Ticket #292 (assigned Task: null)

Opened 5 years ago

Last modified 4 years ago

Create Generic OPeNDAP Fetch Tool

Reported by: bbest Owned by: jjr8
Priority: Medium Milestone: Unscheduled
Component: Tools - Conversion Version:
Keywords: Cc:

Description

OPeNDAP server configuration could be with individual Python config files, similar to the repositories specified with  yum in the  yum.repos.d. These config files could specify the time (poch, interval) and coordinate system (based on COARDS, cdf compliance). There is also the ability to query the attributes of the server, either on the fly at the validation step or with another tool, like HDF SDS header tool. Then we could create a list of these server configs on an MGET server and in the ArcGIS 9.3 validation step, fetch the latest list. Highlighting the multitude of available remote data sources on the main Wiki of the website should make MGET very attractive.

Attachments

get_dap.py Download (7.4 KB) - added by bbest 5 years ago.
latest OPeNDAP Python tool for Raincoast project by Ben
get_opendap.m Download (10.4 KB) - added by bbest 5 years ago.
latest OPeNDAP Matlab tool for Tortugas project by Ben
get_dap.2.py Download (8.9 KB) - added by bbest 4 years ago.
more recent script, from Census Map & Vis workshop

Change History

Changed 5 years ago by bbest

latest OPeNDAP Python tool for Raincoast project by Ben

Changed 5 years ago by bbest

latest OPeNDAP Matlab tool for Tortugas project by Ben

Changed 5 years ago by jjr8

  • status changed from new to assigned
  • component changed from Unknown to Tools - Conversion
  • milestone set to 0.7

Tentatively scheduling this for MGET 0.7. Will re-examine when we define the priorities and target date for 0.7.

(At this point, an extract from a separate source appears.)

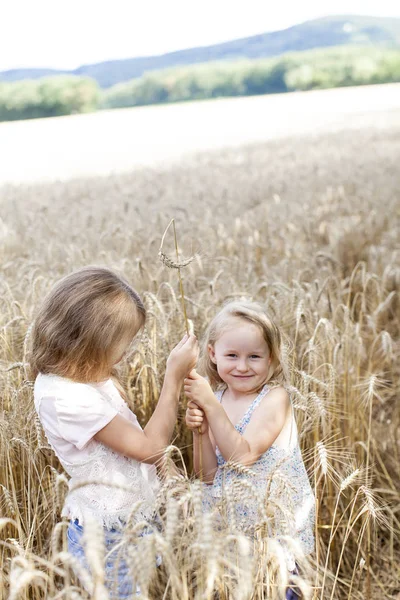 Menina Campo Cereais — Fotografia de Stock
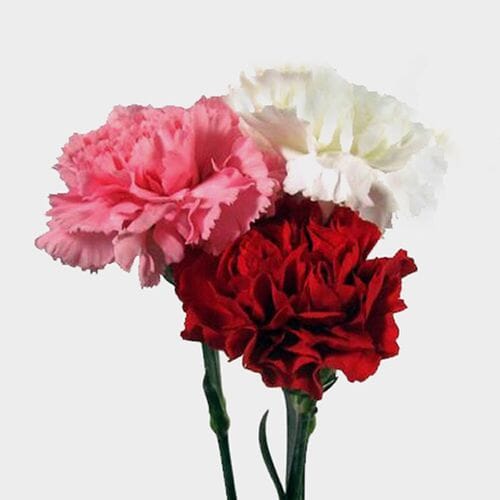 Valentines Day Carnation Pack - Red/White/Pink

Changed 4 years ago by bbest

more recent script, from Census Map & Vis workshop

Changed 4 years ago by bbest

Greetings, all.

Yesterday I finally released a new major version of Pydap! More than two years after 2.2 was released, I'm glad to announce the release of Pydap 3.0 beta 1. You can find the new version together with updated documentation of the official website,  http://pydap.org/. For people who would still like to use Pydap 2.2, the old website is still up at  http://pydap.org/2.x/.

Why a new major version? ====================

The way Pydap 2.2 works with sequences is non-intuitive, sub-optimal and sometimes quirky. As soon as I started to write a Dapper compatible server and accessing Dapper servers with Pydap I realized that its data model could be rewritten in a better way, simplifying the code. That was the major reason.

I also wasn't happy with the server. There's no way to change the HTML templates for the help response and data request form, for example. I rewrote the server and the responses having in mind developing an Opendap server (or more than one!) *on top* of Pydap, so the result is that the code is quite flexible: templates are not tied to a specific templating engine, for example, and can even be loaded from a database instead of disk.

These changes required me to rewrite everything, breaking responses, handlers and the client API.

Why 3.0? Wasn't this supposed to be 2.3? ================================

Pydap 2.3 was almost ready two years ago; I was just finishing the documentation when I came back from the Opendap Developer's Meeting in Boulder full of new and fancy ideas. I scratched what I had and started a new version.

This other new version (which should've been 2.4, since 2.3 was now a dead branch) was almost done a couple of months ago. I was just finishing the documentation when I realized how I could make sequences more intuitive and natural, mimicking record arrays from Numpy. I started a parallel branch to test the idea, and rewrote most of the code again to work with the new data model. I also quickly wrote the documentation this time!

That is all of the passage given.